Northwestern has made a steady ascent in the West, going 27-12 overall and 18-8 in the Big Ten the past three years. Iowa remains a rock-steady program that throws in a monster season every few years, the most recent in 2015. Both return veteran quarterbacks — Thorson at Northwestern, Nate Stanley at Iowa — who could put them in position to challenge UW this season.
Meanwhile, the rebuilding projects at Nebraska, Purdue and Minnesota bear watching because those schools hired aggressive, offensive-minded coaches who had great success in non-Power Five conferences.
Nebraska has rallied around home-state hero Scott Frost, whose Central Florida team went 13-0 last year, just two years after George O’Leary’s last team went 0-12. Two years ago, Purdue hired Brohm away from Western Kentucky and Minnesota imported P.J. Fleck from Western Michigan. Brohm won four Big Ten games in his first season at Purdue, which is one more than the school won in the previous four seasons combined. Minnesota took a step back under Fleck, but he took Western Michigan from 1-11 in his first year to 13-1 in his fourth.

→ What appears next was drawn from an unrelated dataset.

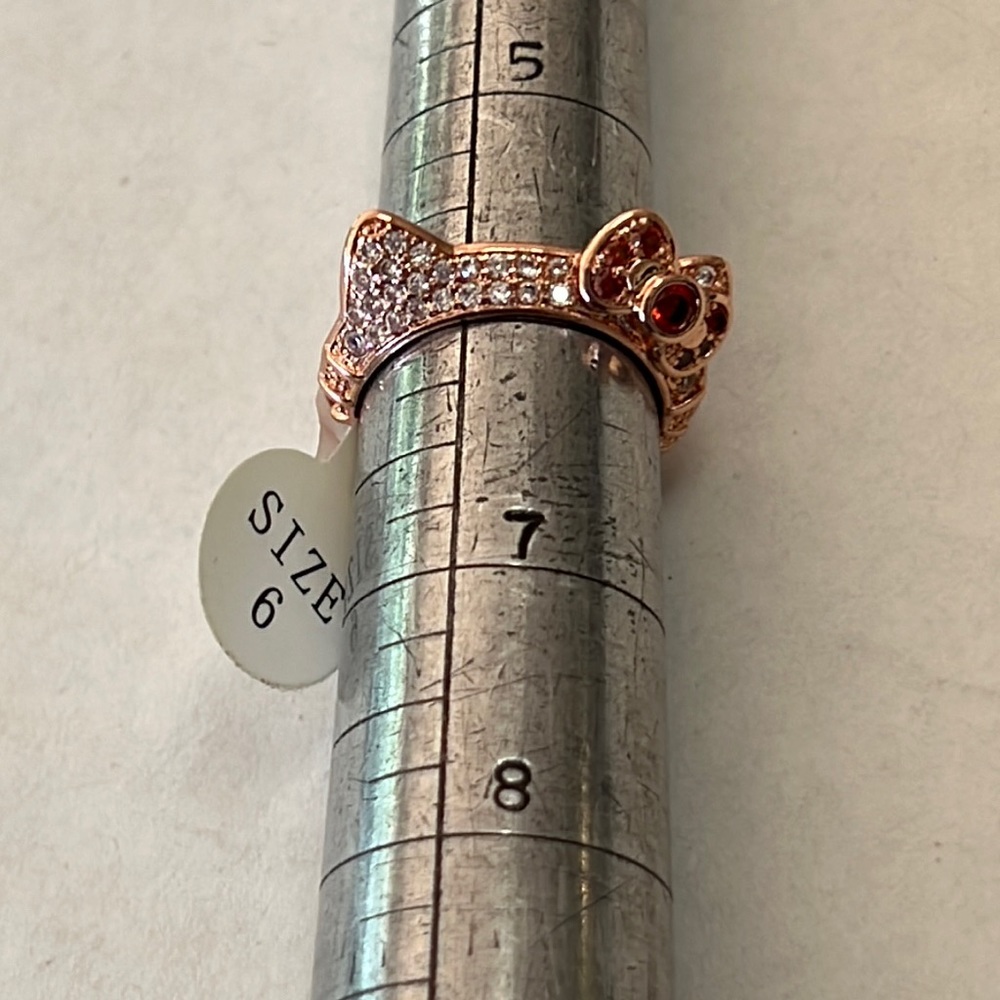 NWT Hello Kitty rose gold ring w/ Rhinestone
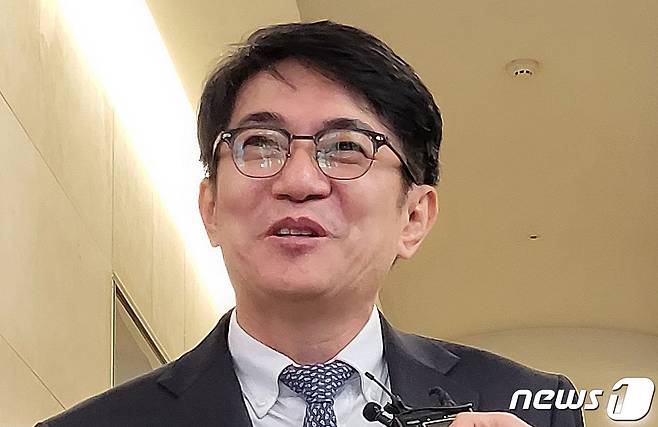 이균용 대법원장 후보자 임명동의안이 국회에서 부결된 6일 오후 이균용 대법원장 후보자가 서울 서초구 인사청문회 준비사무실을 나서며 입장을 밝히고 있다. 2023.10.6/뉴스1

“If the West isn’t as good as the East, that’s why I’m here,” Frost said. “I want to do my part to make sure that doesn’t happen anymore. If Nebraska’s where it should be, I don’t think anybody would have to have that feeling. I know there’s really good coaches in this half of the league and some programs on the upswing.”
Big Ten commissioner Jim Delany said Monday he doesn’t expect any changes in the current divisional format.

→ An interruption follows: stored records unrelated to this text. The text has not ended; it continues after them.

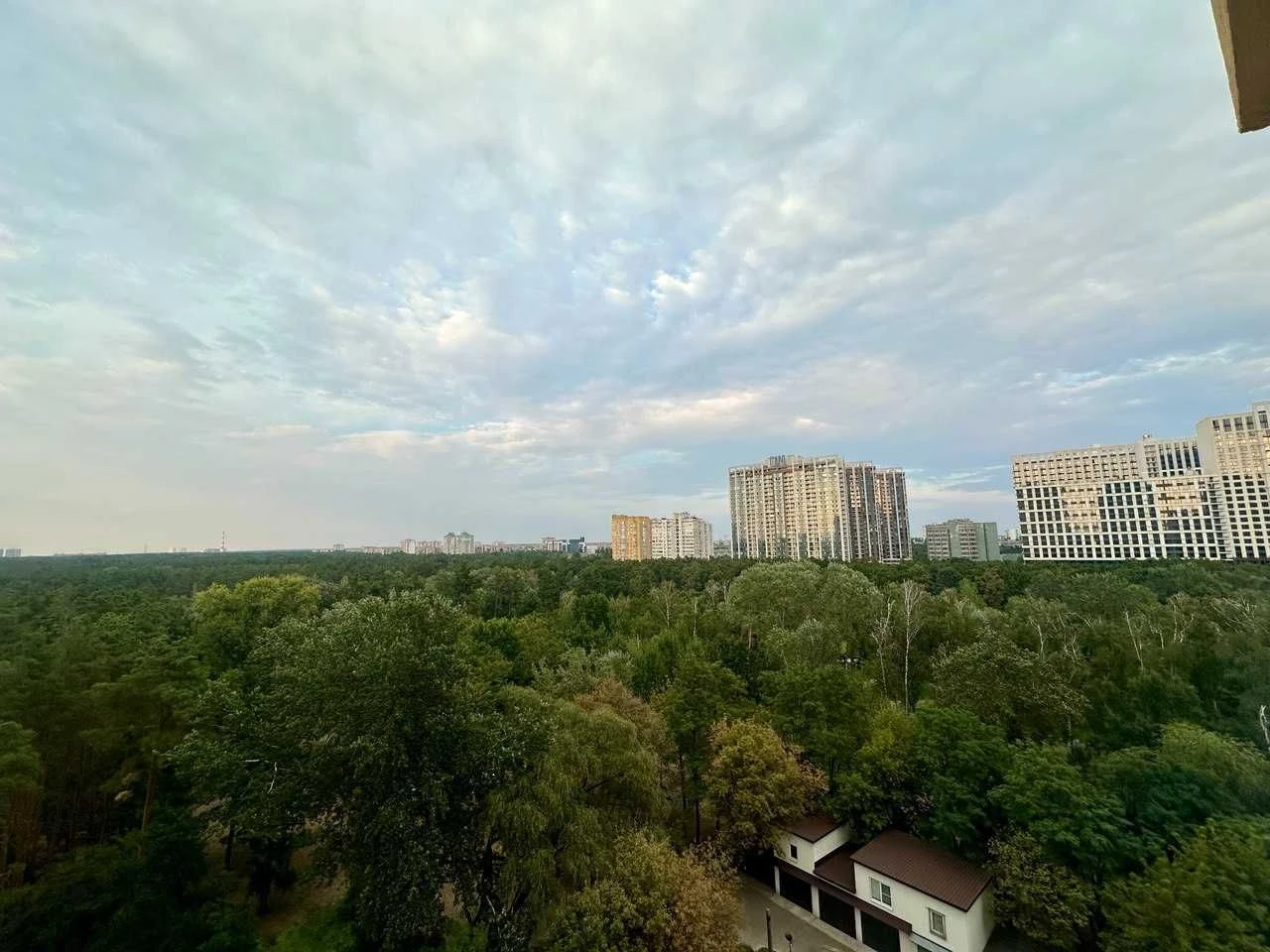 Видова квартира з дизайнерським ремонтом в ЖК «Паркові Озера»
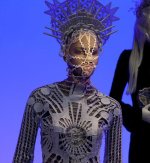 the-fashion-world-of-jean-paul-gaultier-from-the-sidewalk-to-the-catwalk5.jpg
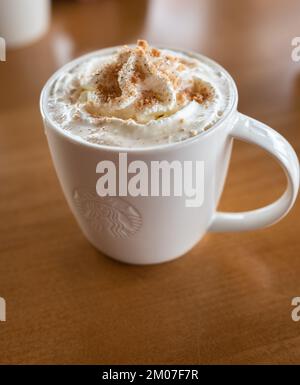 Tasse de café Starbucks au café Starbucks avec latte au caramel. Starbucks est la plus grande entreprise de café au monde - Vancouver BC Canada-2 décembre,2 Banque D'Images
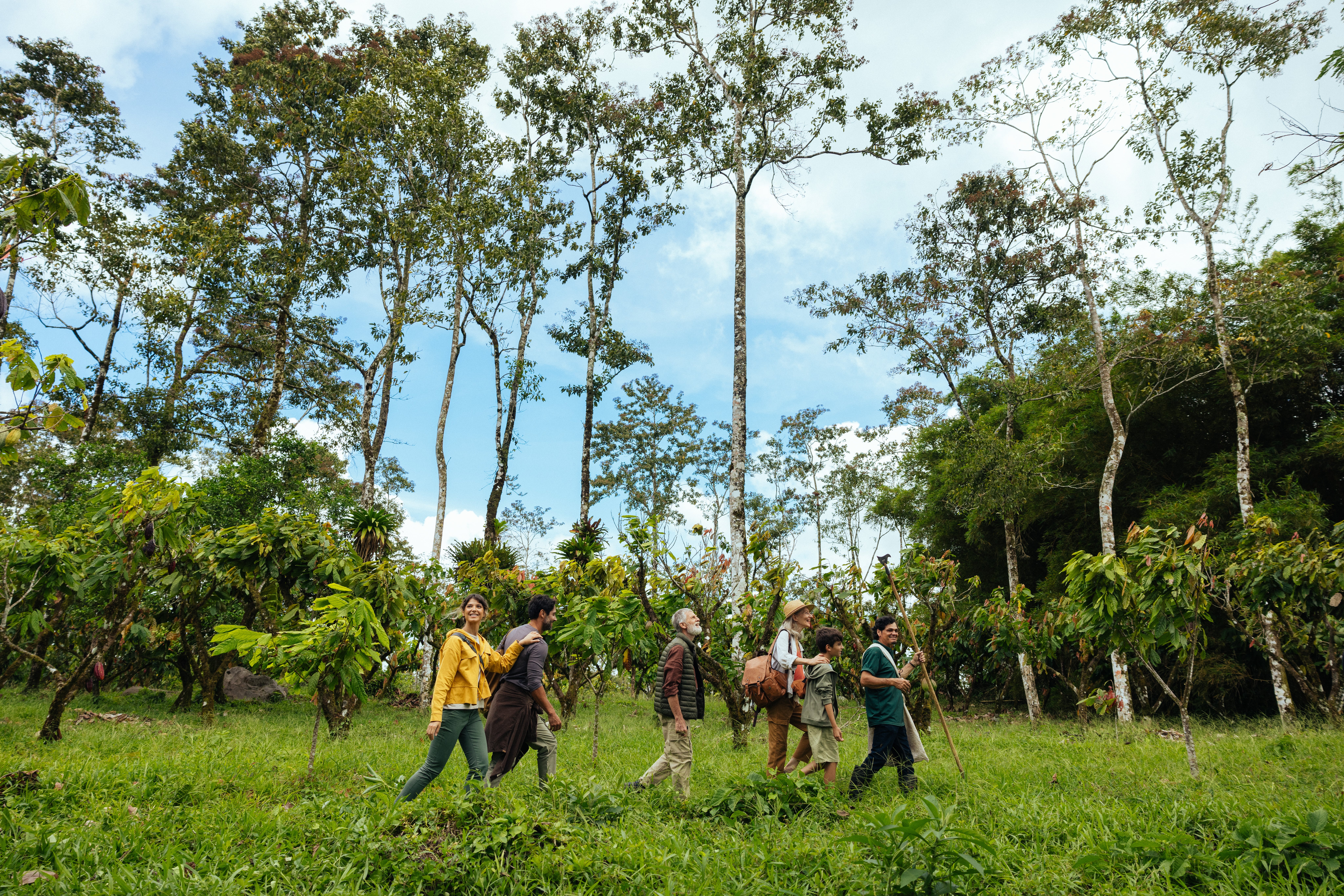 grupo floresta chocolate finca la amistad rio celeste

“The first (alignment) was based on competitive balance over the last 20 years and, to be honest with you, it wasn’t received that well,” Delany said. “All conferences except for the Big Ten have really stayed with their geographic groupings and I think there’s probably a reason for that. I think it probably has to do with the fan base’s natural inclination to see, even though conferences are larger, more geographic rivalries. ... But I think you’ll see greater and greater competitiveness. I know in the SEC you saw a decade of Eastern dominance and probably in the last 15 or years the West has probably been more dominant. So I think you’re going to see more and more competition between the two divisions.”
Until that happens, everyone will be chasing UW in the West.